Teens in more than a dozen states this fall have staged protests and spoken before school boards about racist bullying and harassment from their peers — sounding alarms over discrimination in some of the same districts and states targeted by conservative activists calling for a ban on anti-racism lessons.
Students have walked out of class over racist remarks by classmates in Connecticut and Massachusetts, racist social media posts by teens in Minnesota and Washington, graffiti with racial slurs found in bathrooms at schools in Michigan and Missouri, and threats against students of color in New York and Ohio.

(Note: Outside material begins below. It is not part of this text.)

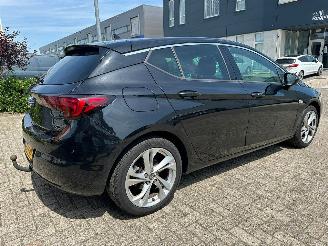 Opel Astra 1.2 Business Elegance picture 6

David Hinojosa, an attorney at the Lawyers’ Committee for Civil Rights Under Law who spearheads the nonprofit organization’s work on equal educational opportunities, is concerned that school board battles are imperiling efforts to achieve racial and gender equity in schools. He cited the widespread actions opposing diversity efforts “that have proliferated across the country,” beginning with former President Donald Trump’s anti-CRT executive order last year and continuing through state efforts to ban books and limit how history is taught.
“When we say it’s not OK to talk about this truthful history,” he said, “there’s going to be a bleedover effect into the behaviors of school teachers, the behaviors of school leaders and the behavior of students.”
The wave of student activism in recent months, he and two other civil rights experts said, shows precisely why schools cannot afford to avoid the topics of race and discrimination.